Thanks for the config!

Posting my progress here:
I’m able to connect via port-forwarding from my laptop and using localhost:8000 from the head pod, but I am seeing the connection error when using the service’s k8s DNS… I think we’re close.

This is surprising. I’ll call over some colleagues to look into it. The reproduction is to submit the following script to the cluster.

import requests
from starlette.requests import Request
from typing import Dict
import time

from ray import serve


# 1: Define a Ray Serve deployment.
@serve.deployment(route_prefix="/")
class MyModelDeployment:
    def __init__(self, msg: str):
        # Initialize model state: could be very large neural net weights.
        self._msg = msg

    def __call__(self, request: Request) -> Dict:
        return {"result": self._msg}


# 2: Deploy the model.
serve.run(MyModelDeployment.bind(msg="Hello world!"))
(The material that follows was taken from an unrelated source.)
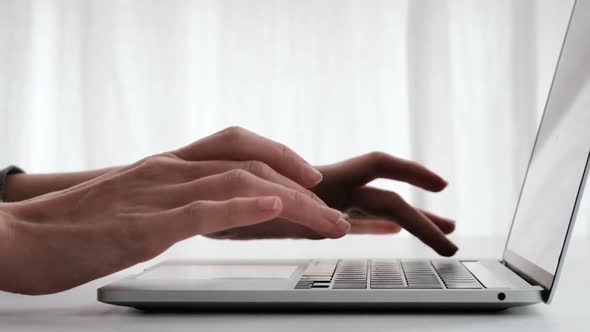 Hands Opening Computer White Background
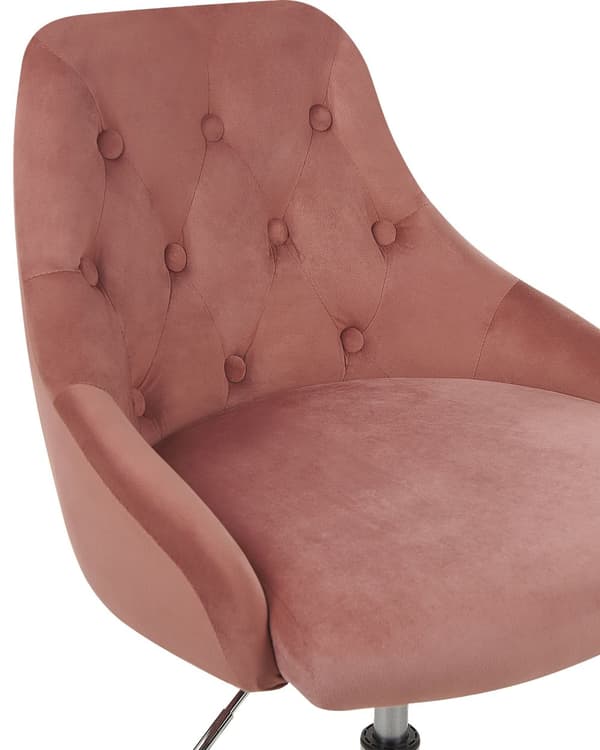 Kontorstol Lyserød Velour Moderne Skrivebordsstol med Hjul Drejestol til Pigeværelse Ergonomisk Stol med Armlæn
# 3: Query the deployment and print the result.
print(requests.get("http://localhost:8000/").json())

while True:
    print("Sleeping!")
    time.sleep(10)

If you run the following in the head pod, you get the expected output.

wget -O - "http://localhost:8000"

If you run the following in the head pod, you do get the expected output.

wget -O - "http://localhost:8000"

If your run the following in the head pod, you get a connection refused error.

wget -O - "http://raycluster-autoscaler-head-svc.default.svc.cluster.local:8000/"

If you port-forward the service’s port 8000 to your local machine, the following gives the correct ouptut.

wget -O - "http://localhost:8000"

We were able to fix Dmitri’s repro above by doing serve.run(MyModelDeployment.bind(msg="Hello world!"), host="0.0.0.0") (adding the host argument, see Serve docs for more detail). Can you check if this works for you?